Whilst fixing that, though, I realised that my sprite destructor wasn’t getting called when a lander or human was removed from their respective vectors, or when the vector was emptied. The empty code looked like this:

while (landers.size() > 0) {
    landers.pop_back();
}

I used this code because I’d read that using the “.clear()” method didn’t dispose of the objects pointed to by the pointers in the vector. Did some googling to work out what was going on, and it turns out that I’ve made a classic beginner’s mistake. The “pop_back()” method just removes the pointer. Now that I think about it, this is horribly obvious. So, I’ve changed the code to do this instead:

for (u8 i = 0; i < landers.size(); i++) {
    delete landers[i];
}
 
landers.clear();

No more memory leaks. I’ve fixed this problem in DefenderDS, MenuDS, SlideshowDS and ScrollingTextDS, but haven’t got around to releasing new versions yet.

(Written 08/04/2007)

More refactoring. I’m now splitting most of the ScrollingText class into a ScrollingTextBase base class. That will reduce the amount of repeated code in the sine scroller to almost none.

This is the first time I’ve tried working with inheritance in C++ in about 3 or 4 years, during which time I’ve used several other more modern OO languages, so trying to switch back to the unfriendly syntax employed in C++ is difficult. Still, after an hour or so of fiddling and reading I’ve got it all working. Now on to the sine scroller.

(Some time later)

The sine scroller now works, and I’ve fixed a few bugs in the rest of the code. It uses the same FIFO system as the scroller to move the Y position of each letter around.

Uploaded it to Simian Zombie.

(Later)

Ah, it seems I’ll need to recompile the PALib with a specific commandline argument to enable WiFi support. I’ll probably ignore it for the moment and come back to it when I’ve got everything else finished. Assuming I structure everything properly, which is the reason I’m tackling presentation before the game itself, it should be easy to add it in at the end.

Menus, then. Structuring them is easy - this is exactly what I do every day at work. So, I’ve got a MenuButton class, a Menu class that contains a vector of buttons and sub-menus (instant menu tree) and a MenuSet class. The last one isn’t strictly necessary, but I’m planning to wrap a lot of generic functionality into that class instead of duplicating it down the tree and wasting memory. The only difficulty here is working out how to receive events from the menu - does C++ have an event system? Will I need to write one myself? How about a message queue instead? Or just using delegates? How do delegates work? (One phonecall later - they’re apparently “pointers to functions” in C++, not “delegates”.) Lots of research needed here…

(Half an hour later)

Not as difficult as I thought, then! Heh. It works like this. Inside the button class, we declare a pointer to a function as a member, like so:

private: void (*action)();

There are three things to note here. The type of the member should match the return type of the function that we’re making a pointer to, so the function “void myFunction()” would work, whilst the function “int anotherFunction()” would not.

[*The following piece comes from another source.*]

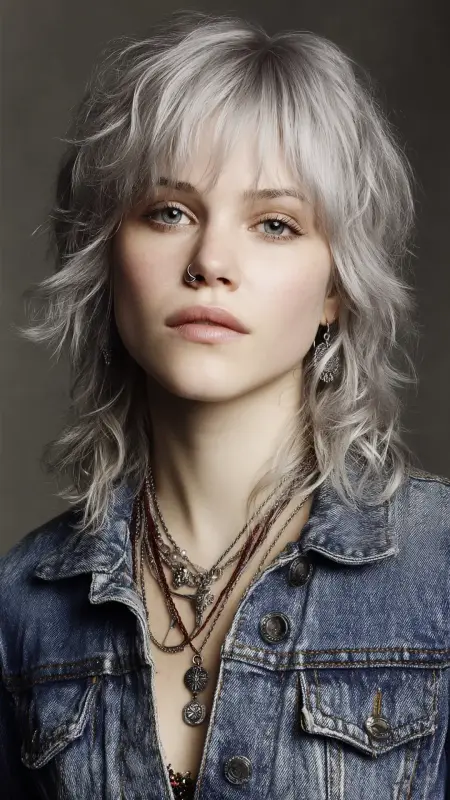 Silver Frost Shag Cut -  silver hair color ideas 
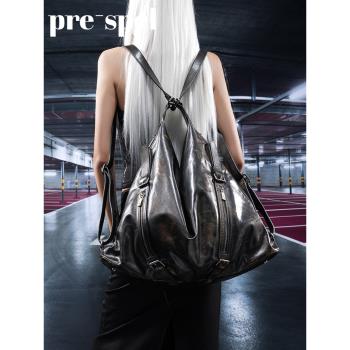 pre spel特大容量大號三角雙肩包 單肩斜挎雙肩三用真皮女包 新款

The next thing to note is that we declare the pointer inside brackets; this isn’t strictly necessary, but it’s apparently a convention that indicates the variable is a function pointer. The last thing to notice is the pair of brackets after the declaration - this lets the compiler know that we’re creating a function pointer. If the function we’re making a pointer to has arguments, these should be specified in the brackets. If we wanted to make a pointer to this function, for example:

int myFunction(int myInt, int anotherInt);

We’d use the following pointer:

int (*myPointer)(int myInt, int anotherInt);

For the purposes of the menu system, we just need to use the first example - a function with a void return type and no arguments. Once we’ve assigned the pointer a memory address (as you would with any other pointer, ie. “action = myFunction” - note the lack of brackets after the function), we call it like this:

(*action)();

All I have to do to make a button execute a function (defined in the main.cpp file) is pass the function to the button object as an argument and then click the button. Fantastic!

(Later)

Another PALib bug that I’d spotted before but hadn’t noted down. There’s an odd problem with the DMA_Copy() function. All of the parameters have to be in brackets or it doesn’t work properly. For example, the top line gives different results to the second line:

DMA_Copy(100 + 120, 200 + 220, 12, DMA_16NOW); DMA_Copy((100 + 120), (200 + 220), 12, DMA_16NOW);

Aside from the new bug, which I’ve worked around, the menu system works! I can display buttons of any size at any position on the screen. Clicking and holding a button changes its image to “selected”; releasing it performs the button’s action; and dragging the stylus off the button resets it to “unselected”. Once whatever it was that ran drops us back into the menu system it redraws itself. Each menu can have its own background image.

Things to do:

• Buttons need a “selected by keypad” image, to allow the pad to work;
• Keypad needs wiring up;
• Functions to allow changing between submenus;
• Refresh() function to force a menu to redraw (useful if the menu changes a variable (“lives”, for example) and needs to update itself);
• Need a “back” button;
• Animated buttons? Possibly not this time around…
• Attach sounds to click and release events;
• Transitions? Again, possibly not this time around.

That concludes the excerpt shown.